• Task description
Find the word "Free" in the listing, and copy out each line where it turns up.

• Data records
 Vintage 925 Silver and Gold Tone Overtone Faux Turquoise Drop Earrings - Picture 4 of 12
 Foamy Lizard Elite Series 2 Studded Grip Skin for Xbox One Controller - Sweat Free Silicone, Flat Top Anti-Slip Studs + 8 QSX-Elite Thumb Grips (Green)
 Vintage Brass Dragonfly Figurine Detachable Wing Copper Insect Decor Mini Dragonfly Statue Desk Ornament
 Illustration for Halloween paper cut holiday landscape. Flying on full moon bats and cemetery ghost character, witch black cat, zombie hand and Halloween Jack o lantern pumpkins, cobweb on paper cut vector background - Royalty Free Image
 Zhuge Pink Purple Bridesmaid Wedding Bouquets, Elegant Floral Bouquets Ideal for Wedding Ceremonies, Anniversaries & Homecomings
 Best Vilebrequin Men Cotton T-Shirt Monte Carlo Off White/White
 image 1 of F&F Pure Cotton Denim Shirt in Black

---

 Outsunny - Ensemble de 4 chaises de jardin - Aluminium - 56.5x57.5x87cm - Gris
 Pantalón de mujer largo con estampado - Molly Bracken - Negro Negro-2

• Exercise solution
 Foamy Lizard Elite Series 2 Studded Grip Skin for Xbox One Controller - Sweat Free Silicone, Flat Top Anti-Slip Studs + 8 QSX-Elite Thumb Grips (Green)
 Illustration for Halloween paper cut holiday landscape. Flying on full moon bats and cemetery ghost character, witch black cat, zombie hand and Halloween Jack o lantern pumpkins, cobweb on paper cut vector background - Royalty Free Image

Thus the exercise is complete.